┌──

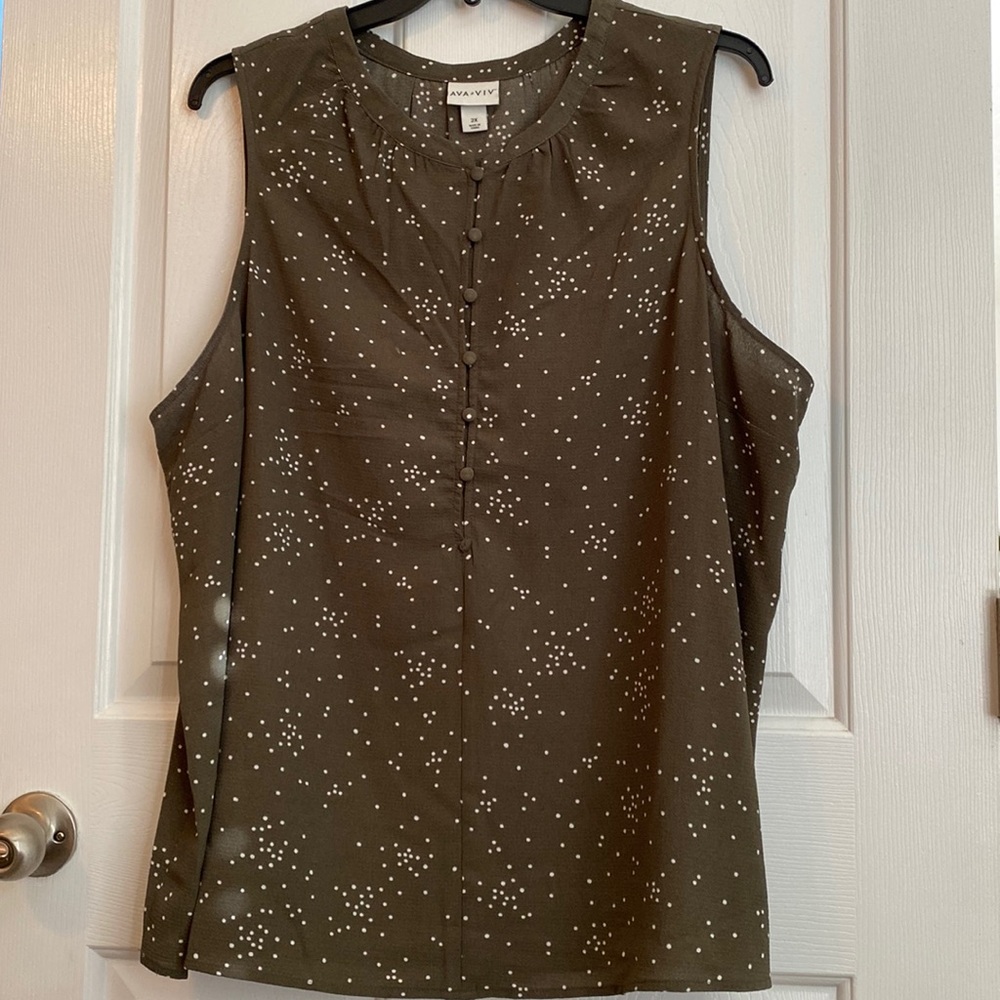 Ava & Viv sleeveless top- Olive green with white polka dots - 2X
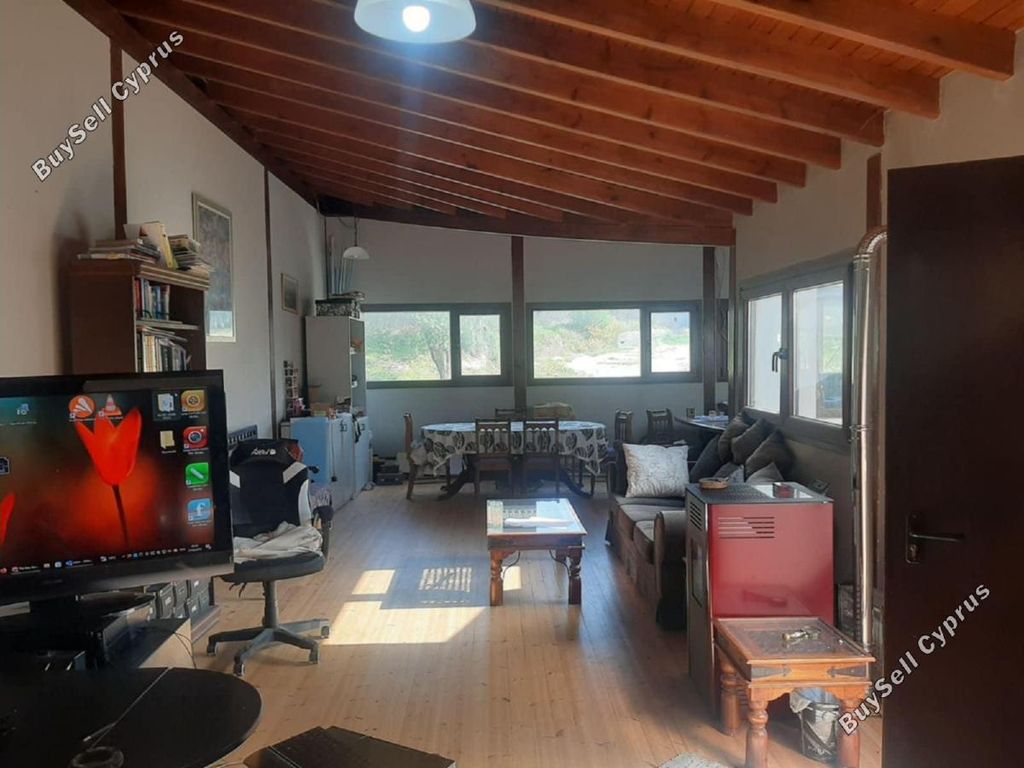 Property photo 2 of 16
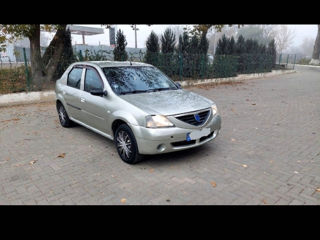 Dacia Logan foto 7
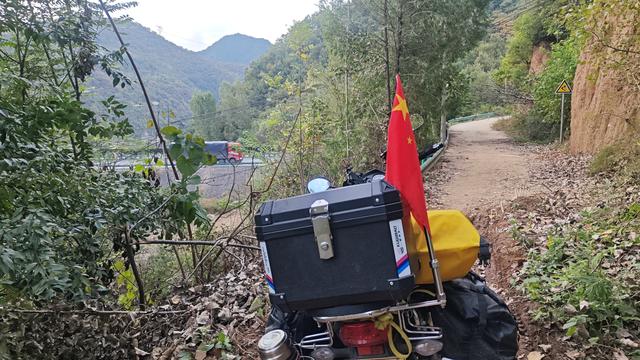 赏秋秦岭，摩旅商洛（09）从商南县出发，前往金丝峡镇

└──

About this exercise:
An exact copy of the listing is required, excluding any pictures.

Expected answer:
 Ava & Viv sleeveless top- Olive green with white polka dots - 2X
 Property photo 2 of 16
 Dacia Logan foto 7
 赏秋秦岭，摩旅商洛（09）从商南县出发，前往金丝峡镇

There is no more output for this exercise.